#### DATA EXCERPT
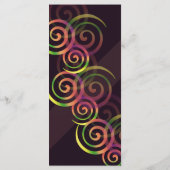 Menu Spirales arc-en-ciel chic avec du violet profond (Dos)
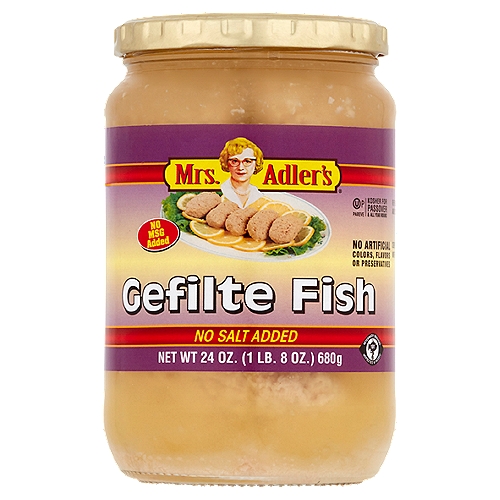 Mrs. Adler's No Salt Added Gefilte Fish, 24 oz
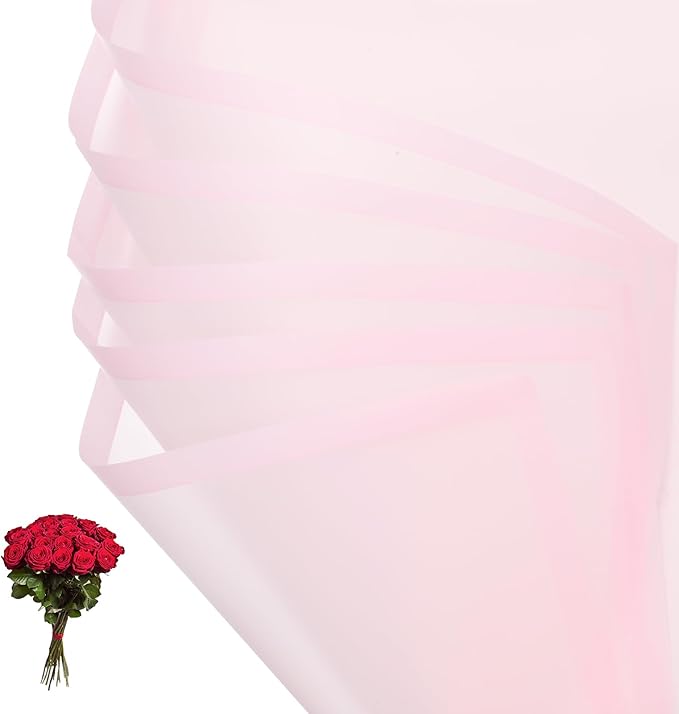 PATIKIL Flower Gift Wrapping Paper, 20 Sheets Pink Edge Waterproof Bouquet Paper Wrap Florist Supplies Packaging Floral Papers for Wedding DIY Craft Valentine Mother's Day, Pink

#### HOW TO COMPLETE THIS TASK
Pictures are to be omitted; otherwise, write out the data exactly as it appears.

#### ANSWER SPACE
 Menu Spirales arc-en-ciel chic avec du violet profond (Dos)
 Mrs. Adler's No Salt Added Gefilte Fish, 24 oz
 PATIKIL Flower Gift Wrapping Paper, 20 Sheets Pink Edge Waterproof Bouquet Paper Wrap Florist Supplies Packaging Floral Papers for Wedding DIY Craft Valentine Mother's Day, Pink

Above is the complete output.